At a town hall meeting organised by the Or Foundation last week, the organisation declared its willingness to ensure that the EPR would provide assistance for markets in Ghana, like Kantamanto and others around the world to ‘Stop Waste Colonialism’.
Co-Founder of the Or Foundation, Liz Ricketts, in an interview at the event said, “We are here to call for Extended Producer Responsibility (EPR) policies to be globally accountable to fight Waste Colonialism. Meaning that if clothing is going to come to Ghana, from outside of this country, Ghana can not be used as a dumping ground.
If clothing is going to come to Ghana, then money should come as well to support the development of new infrastructure for recycling to improve the market ecosystem, to ensure that the people who work in Kantamanto everyday are no longer going into debt, handling the waste of other countries”.
The United Nations reported in 2021 that over 150,000,000kg of secondhand clothes are imported into the country on an annual basis. And according to the Or Foundation, this is equivalent to around 15 million items every week. These items do not arrive in Ghana as donations, rather they are purchased in bulk bales by retailers seeking to make a living by reselling secondhand clothing.
Or Foundation’s research conducted over the years has found that 40% of the average bale of clothing opened in Accra’s Kantamanto Secondhand Clothing Market leaves the market as waste. This leads to increasing debt for thousands of retailers working within this trade, for a secondhand retailer is likely to accrue a debt of $1.58 debt per garment for each bale purchased.
Globally, France is the only country that has an EPR policy for textiles since 2008, but its believed that their policy has a ‘colonial’ outlook considering how it is implemented.
“France is the only country that has the EPR policy in textiles and unfortunately it is a Waste Colonialism policy. France keeps all of the money in France but sends 80 percent of the clothing (secondhand) they collect from their own citizens to the continent of Africa including here to Ghana” Mad. Liz said.

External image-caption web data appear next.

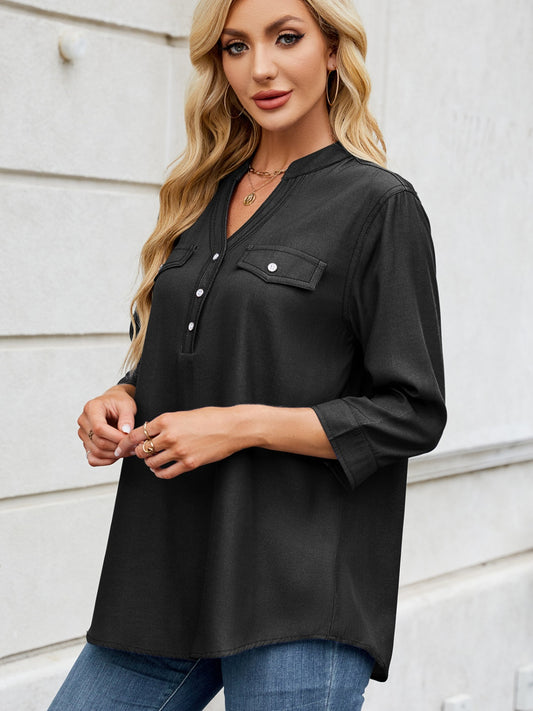 Jeansoberteil mit Dreiviertelärmeln und Kerben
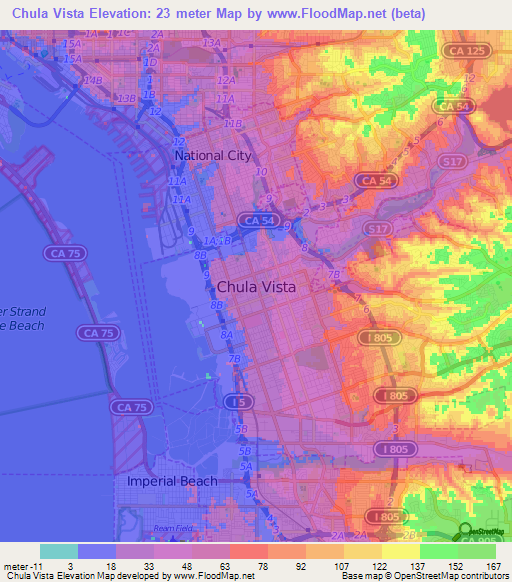 Chula Vista,US Elevation Map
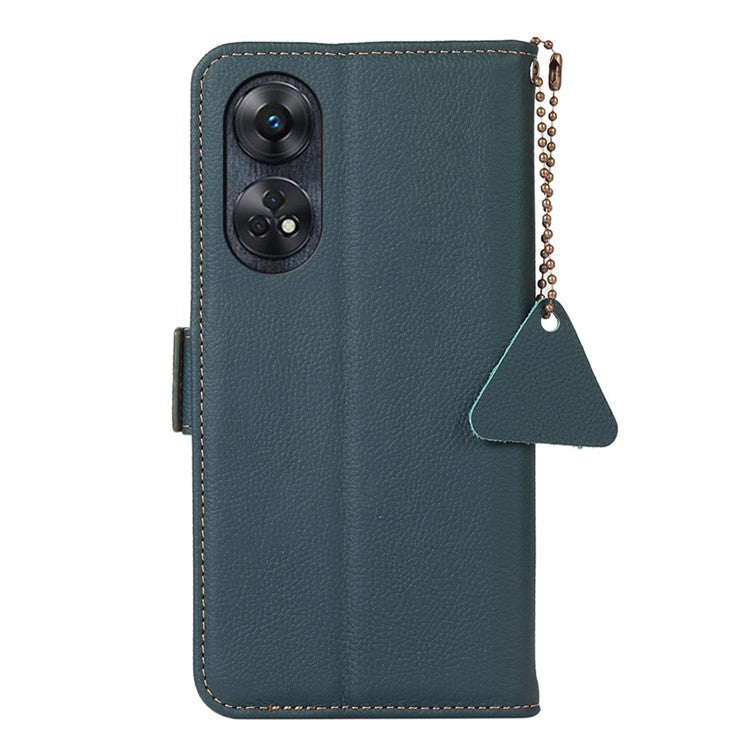 TJ Leather Phone Case for Oppo Reno8 T 4G RFID Blocking Stand Wallet Full Protection Phone Cover - Green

“We are saying that this is not fair and that it’s not an effective policy. Because if the money is supposed to go and cover waste management and the waste is ending up here and the money is not coming here then that is a problem”, she added.
Director of Waste Management Department, Mr Solomon Noi also added the voice of the Accra Metropolitan Assembly (AMA) to the call for Extended Producer Responsibility (EPR)
“This advocacy by the Or Foundation is to let them (Global North) know that once the quality is going down, it is having adverse effects on the waste value chain or the entire trade value chain of the secondhand cloth.
So either the quality must go up, or the Extended Producer Scheme and the little money that accrues from it should follow the unwanted materials that come. Because after all the end of life for those materials from the innovators ends up on our shores. This is what we can tap as a city authority to implement the infrastructure that is needed to treat the waste before land filing”.
He added that ‘at the same time, the low grade ones can be purchased from the traders for upscaling and for turning them into other recyclable materials that can have better value”.
Mr. Noi emphasised that the policy does not seek to stop the importation of secondhand clothing into the country but for the quality of what comes down to be better
“This advocacy is not to stop the secondhand clothing entirely but to raise the quality of the waste that is coming as well as solicit for funds through the Extended Producer Responsibility scheme to help all of us along this value chain and make sure that our city is free these waste materials that are choking the ocean for us”.
Or Foundation has already taken some secondhand retailers to France to interact with policy maker in order to push for policy change and some reparations to be paid to Ghana
“We took a delegation of retailers from Kantamanto to France in November to meet with politicians, to meet with people who are in charge of this policy and to demand that they change it and then they make reparative payments to Kantamanto and other communities like it immediately”.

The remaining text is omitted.